Making use of a low-cost GPS receiver, an advanced orbit determination and orbit prediction system assures, that precise position and velocity data are available on-board, even in the absence of GPS measurements. The system is also capable to estimate mean orbital elements in the form of standard Two Line Elements. This enables a novel concept for combined ground-space autonomy. Furthermore, shadow transit times and ground station contact times are computed autonomously onboard and thus demonstrate the high potential of increased autonomy for satellite operations.
Following a smooth initialization some days after launch it was possible to determine the current orbit position on board of the satellite with an accuracy of 10 m in any direction. The comparison of the orbit positions given by the satellite and the ones retrieved at GSOC by means of an independent orbit determination and a highly precise orbit modeling served as a proof of this capacity. Currently a position accuracy of 5 m is obtained in all axes. The BIRD On-Board Navigation System is currently used for routine on-board orbit determination and generation of Two Line Elements.
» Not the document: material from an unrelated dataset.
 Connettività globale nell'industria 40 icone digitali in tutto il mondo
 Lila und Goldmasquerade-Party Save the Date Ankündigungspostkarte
For a group of remote sensing tasks, like disaster warning and hazard detection a quick classification and a short response time is required. Therefore a high level data processing chain on-board the satellite would be very useful. Today’s powerful processing technologies allow to implement the processes of data pre-processing, calibration, correction of distortions, feature extraction and classification on-board of the satellite. Additionally a learning system is implemented on-board of the BIRD satellite. The thematic data reduction on board of BIRD are made by a multi-spectral supervised classification basing on the neural network processor NI1000. This neuronal network is able to "learn" on-board BIRD by an upload of learning vectors.
June 14 2002 for the first time on board of the BIRD satellite a scene was classified by means of the neural network classification experiment. For this the classes water, warm clouds, cold clouds, fire, land surface, and non-classifiable were defined. The clas-sificator was “teached and trained” from ground. In follow-up experiments the working method of the neural network classificator was investigated and demonstrated.
The basic idea of the Experimental Ground Station consists in the philosophy to give the user only regionally limited data, for which a high performance ground station is not necessary. A common PC with a Pentium class CPU is used for data reception and processing as well as for commanding. Most of the base-band-hardware is built into the PC. The software for the downlink is intended to receive, display and store payload and housekeeping data. Payload data can be processed with a separate software developed by DLR. In case of detected anomalies, alarm messages can be forwarded. Automatic update of two line elements directly from the BIRD satellite will be possible.
The ground station receives and processes BIRD data. The housekeeping data are visible on-line when being received. The received payload-data (image data) can be decommuted, pre-processed, and displayed in a quick-look mode almost in real time.
Seven new micro-satellite technologies were tested successfully in space. The BIRD spacecraft bus is a new adaptive platform for further science or Earth watch missions supplementing already planned missions. The ground station demonstrates the advanced conception for a user oriented data reception and processing system without any delay.